Small Claims Decisions

Decision Information

Decision Content

Date Issued: June 23, 2022

File: SC-2021-007543

Type: Small Claims

Civil Resolution Tribunal

Indexed as: Momro v. Taylor, 2022 BCCRT 729

Between:

KRZYSZTOF MOMRO

Applicant

And:

GEORGE WAYNE TAYLOR and SANDRA TAYLOR

RespondentS

And:

KRZYSZTOF MOMRO

Respondent BY COUNTERCLAIM

REASONS FOR DECISION

Tribunal Member:

Chad McCarthy

INTRODUCTION

1.      This dispute is about payment for painting work. The respondents George Wayne Taylor and Sandra Taylor hired the applicant Krzysztof Momro to paint the ceilings in the Taylors’ house. Mr. Momro says they agreed on a price of $1,500 but the Taylors did not pay him. He claims $1,500 for the unpaid painting work.

2.      The Taylors deny agreeing to a $1,500 price for the painting, and say that Mr. Momro’s work was worth no more than $500, which he refused to accept. Mr. Taylor alone counterclaims $5,000 against Mr. Momro for cleaning up alleged paint deficiencies and overspray. Mr. Momro says the Taylors told him no masking or floor or appliance protection was needed, so he owes nothing.

3.      Mr. Momro is self-represented in this dispute. Mr. Taylor represents both himself and Ms. Taylor.

JURISDICTION AND PROCEDURE

4.      These are the formal reasons of the Civil Resolution Tribunal (CRT). The CRT has jurisdiction over small claims brought under section 118 of the Civil Resolution Tribunal Act (CRTA). Section 2 of the CRTA states that the CRT’s mandate is to provide dispute resolution services accessibly, quickly, economically, informally, and flexibly. In resolving disputes, the CRT must apply principles of law and fairness, and recognize any relationships between the dispute’s parties that will likely continue after the CRT process has ended.

5.      Section 39 of the CRTA says the CRT has discretion to decide the format of the hearing, including by writing, telephone, videoconferencing, email, or a combination of these. Although the parties’ submissions each call into question the credibility of the other party to some extent, I find I can properly assess and weigh the written evidence and submissions before me, and that an oral hearing is not necessary in the interests of justice. In the decision Yas v. Pope, 2018 BCSC 282, the court recognized that oral hearings are not always needed where credibility is in issue. Keeping in mind that the CRT’s mandate includes proportional and speedy dispute resolution, I find I can fairly hear this dispute through written submissions.

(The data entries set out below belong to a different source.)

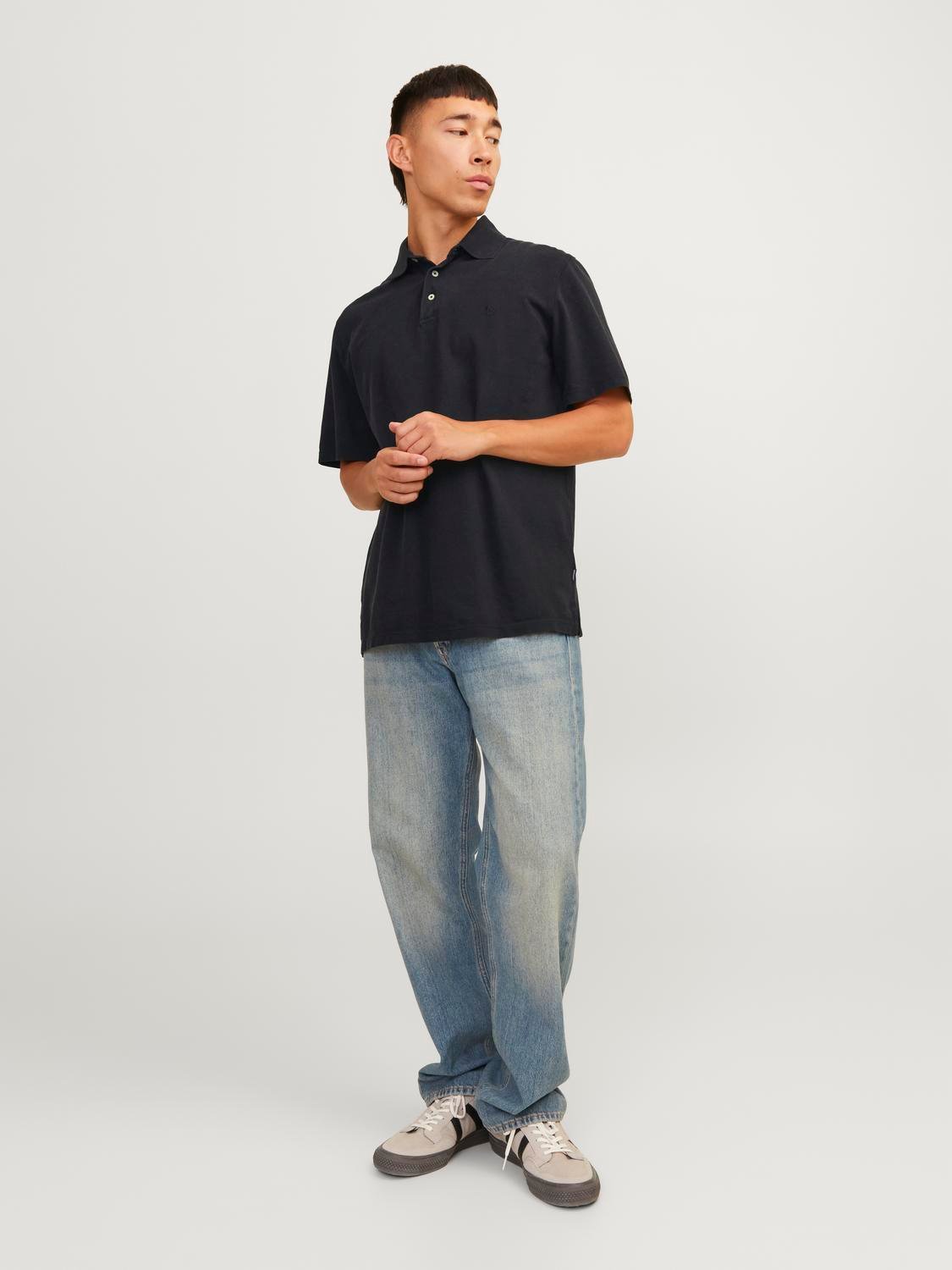 JPRBLUWILLIAM WASH SS POLO SN Black
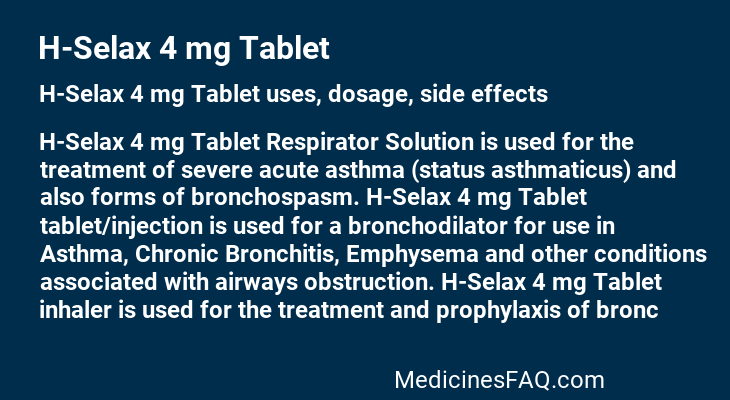 H-Selax 4 mg Tablet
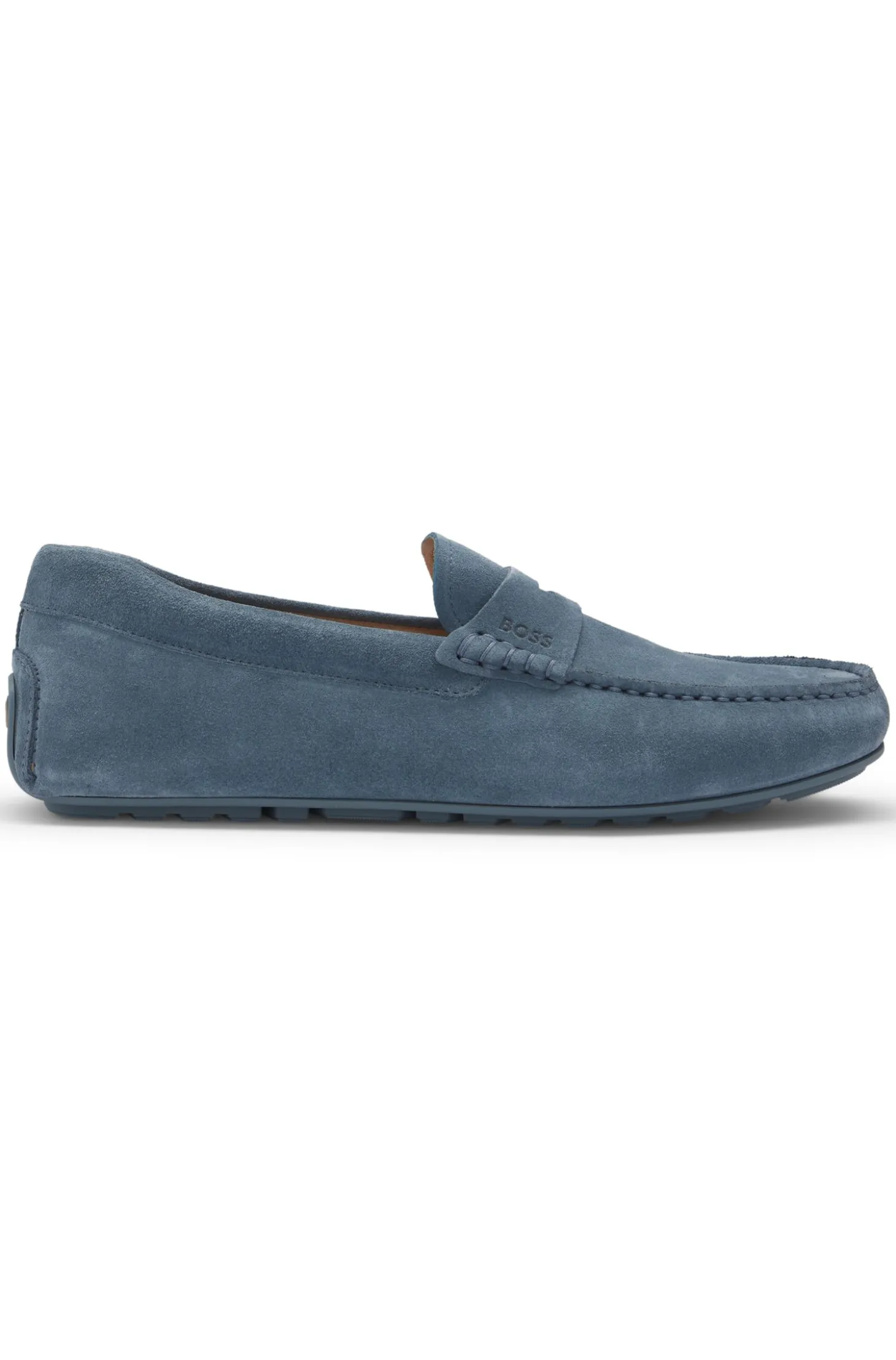 Suede moccasins with penny trim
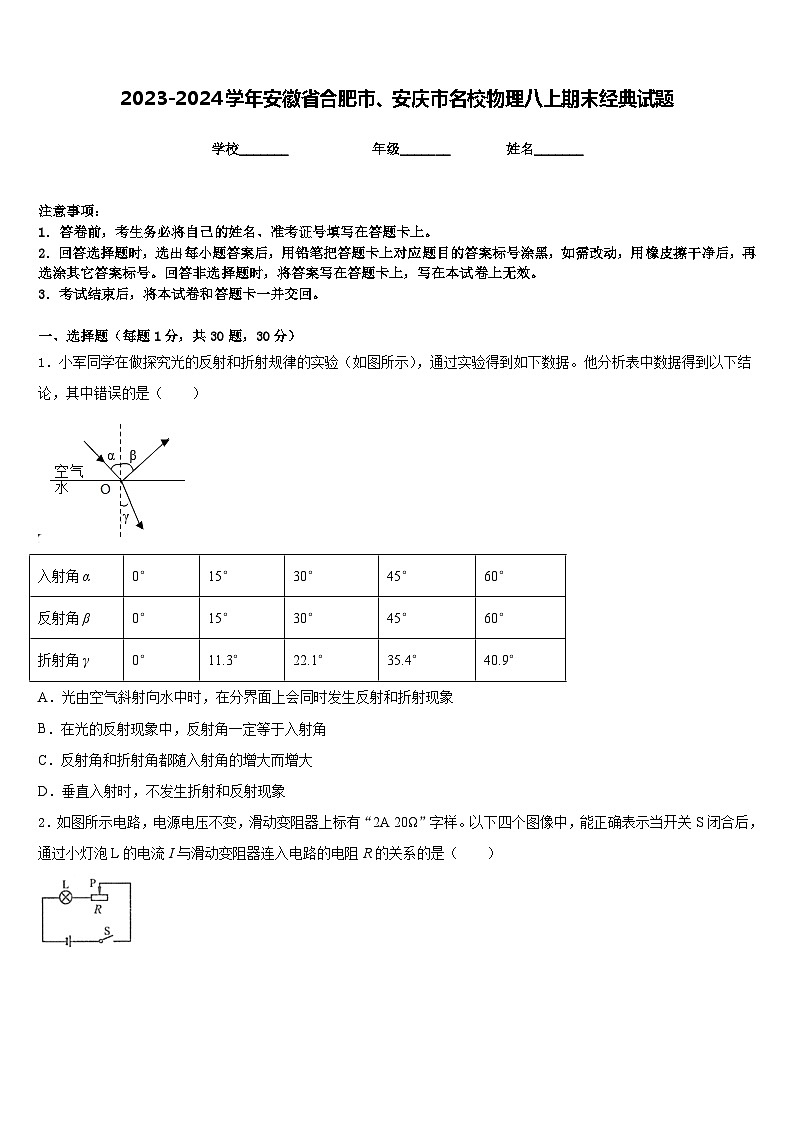 2023-2024学年安徽省合肥市、安庆市名校物理八上期末经典试题含答案第1页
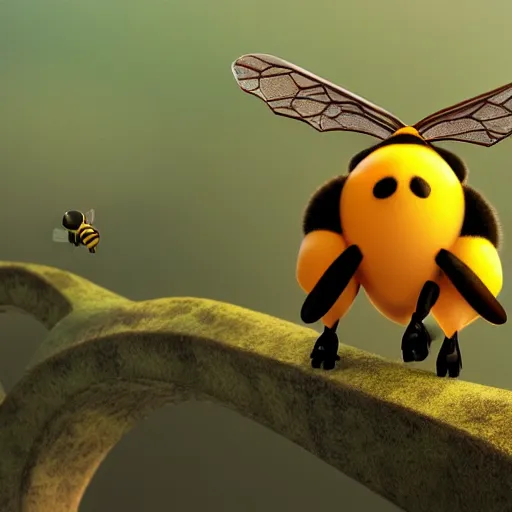 Image similar to large cute bee flying to crimson - black cute bee university, photorealistic, octane render, rtx, hdr, unreal engine, digital art widescreen 8 k, studio ghibli, disney, wlop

6.      Section 42 of the CRTA says the CRT may accept as evidence information that it considers relevant, necessary, and appropriate, whether or not the information would be admissible in a court of law. The CRT may also ask questions of the parties and witnesses and inform itself in any other way it considers appropriate.

7.      Where permitted by section 118 of the CRTA, in resolving this dispute the CRT may order a party to do or stop doing something, pay money or make an order that includes any terms or conditions the CRT considers appropriate.

ISSUES

8.      The issues in this dispute are:

a.    Are the Taylors responsible for paying Mr. Momro $1,500 or another amount for unpaid painting work?

b.    Is Mr. Momro responsible for $5,000 in damages for deficient painting work and overspray on the Taylors’ house and appliances?

EVIDENCE AND ANALYSIS

9.      In a civil proceeding like this one, Mr. Momro must prove his claim on a balance of probabilities, meaning “more likely than not.” Mr. Taylor must prove his counterclaim to the same standard. I have read the parties’ submissions and evidence, but refer only to the evidence and arguments I find relevant to provide context for my decision.

10.   The parties undisputedly agreed that Mr. Momro would paint the Taylors’ ceilings in return for payment. The Taylors say there was “no contract”, which I infer means there was no written agreement, and there is no written contract in evidence. However, contracts do not need to be in writing to be enforceable, although it may be more difficult to prove the content of verbal contracts with evidence. Mr. Momro says he completed all of the painting work as agreed, while the Taylors say the painting work was incomplete and substandard.

Painting Work

11.   Mr. Momro says the parties agreed on a total fixed price of $1,500 for the painting work. The Taylors deny agreeing to that price, and do not say that any price was agreed on. The Taylors say that Mr. Momro only worked for about 2.5 hours, during which he took many breaks, and that the value of his work is no more than $500. Mr. Momro says he worked for much longer than that, and that he is entitled to the alleged $1,500 fixed price regardless of how long he spent painting.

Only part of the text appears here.